*WHAT THIS TASK INVOLVES*:
Each line of the listing must be transcribed exactly, except for the images, which should be excluded.

*PROVIDED DATA*:

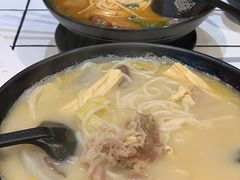 招牌炸酱酸辣米线-肥汁米蘭香港米线(长宁来福士店)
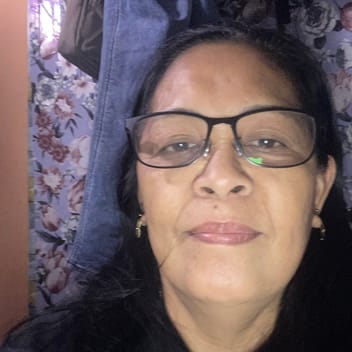 Myrna, Filipino nanny, in Dubai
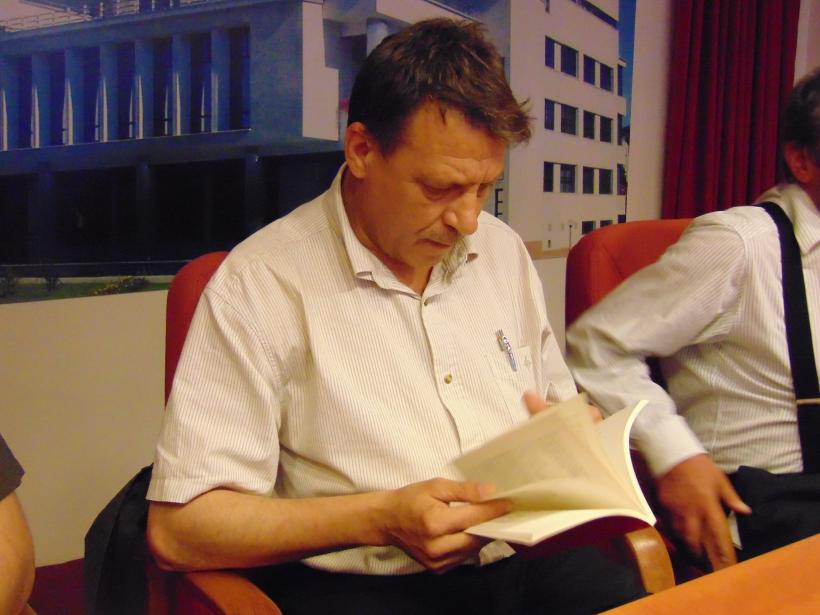 Horia Muntenus: Romanul meu, “Dincolo de stelele reci”, este o pledoarie pentru vindecarea de absurd! 18516151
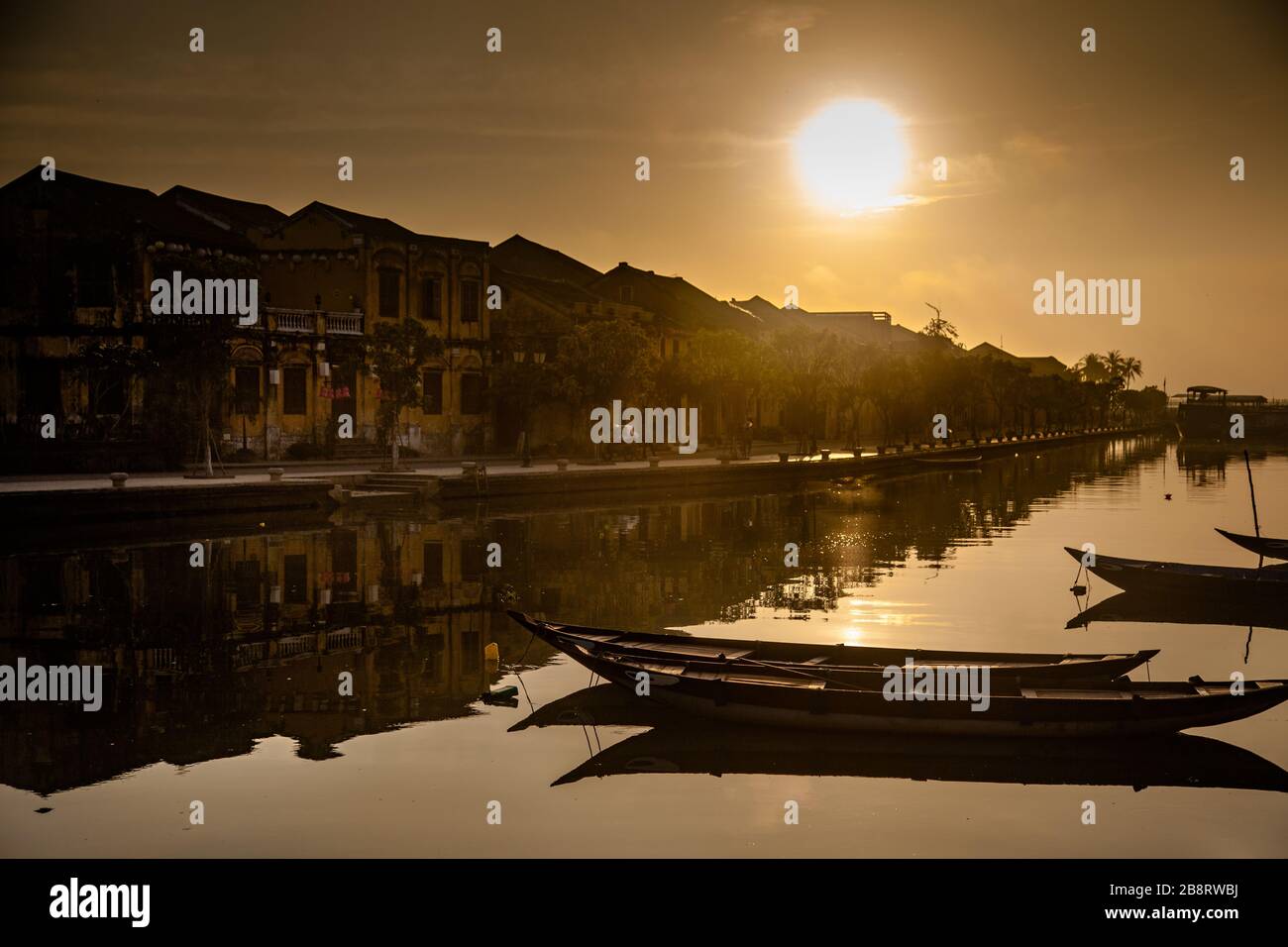 Hoi an réflexions de rivière à l'aube Banque D'Images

*TASK OUTPUT*:
 招牌炸酱酸辣米线-肥汁米蘭香港米线(长宁来福士店)
 Myrna, Filipino nanny, in Dubai
 Horia Muntenus: Romanul meu, “Dincolo de stelele reci”, este o pledoarie pentru vindecarea de absurd! 18516151
 Hoi an réflexions de rivière à l'aube Banque D'Images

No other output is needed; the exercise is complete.